The Illinois Labor Relations Board’s General Counsel recently issued a significant but relatively unnoticed declaratory ruling regarding minimum staffing for police officers.
During negotiations for a successor collective bargaining agreement, the Village responded to the Union’s initial proposal by proposing to remove a provision of the agreement regarding minimum staffing on the basis that it was a permissive subject of bargaining and refused to include the provision in the successor agreement. The Village also asserted during the negotiations that the issue of minimum staffing is not subject to interest arbitration. In response, the Union proposed the status quo asserting that the inclusion of the minimum staffing provision in the prior collective bargaining agreement rendered it a mandatory subject of bargaining.
Prior to an Interest Arbitration hearing in 2017, the Village unilaterally filed a Petition for Declaratory Ruling seeking a determination as to whether a “minimum manning” provision in the parties’ expired collective bargaining agreement concerns a mandatory or permissive subject of bargaining within the meaning of the Illinois Public Labor Relations Act, 5 ILCS 315 (“the Act”), and if it is determined to be permissive, whether the subject can be excluded from interest arbitration. Indeed, Section 7 of the Act mandates parties to bargain over subjects concerning wages, hours, and other conditions of employment. However, some mandatory subjects may also involve matters of inherent managerial authority pursuant to Section 4 of the Act. In addition, Section 2 of the Act prohibits parties from insisting on bargaining to impasse over a subject for which the Act’s impasse resolution procedure provides no means of resolution, and consequently, the restrictions on what can be included in an interest arbitration decision found in Section 14(i) of the Act provide guidance as to what is a mandatory subject of bargaining.

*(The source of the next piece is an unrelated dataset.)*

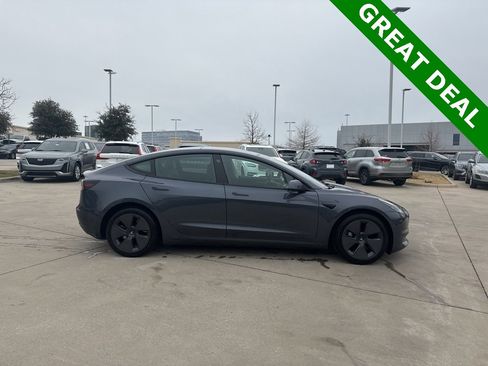 Used 2023 Tesla Model 3 Standard Range image 4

The General Counsel agreed with the Village. In Village of Maywood v. Illinois Council of Police, Case No. S-DR-18-002, the General Counsel ruled that the plain language of Section 14(i) unequivocally prohibits an interest arbitrator from issuing a decision including “minimum manning” for law enforcement. What is more, the General Counsel also found that prior bargaining over a subject does not automatically render the issue a mandatory subject of bargaining. It is important to note that the General Counsel did make clear that Section 14(i) does provide an exception for safety concerns relating to staffing, but there is no indication that any safety concerns were raised by the parties during negotiations or in briefing the issue.
There are several important takeaways from this significant decision. First, minimum staffing for police officers is not a mandatory subject of bargaining. Second, there is an exception to the rule. Unless there is a safety issue that directly relates to minimum staffing, there is no obligation to bargain because it is a permissive subject of bargaining.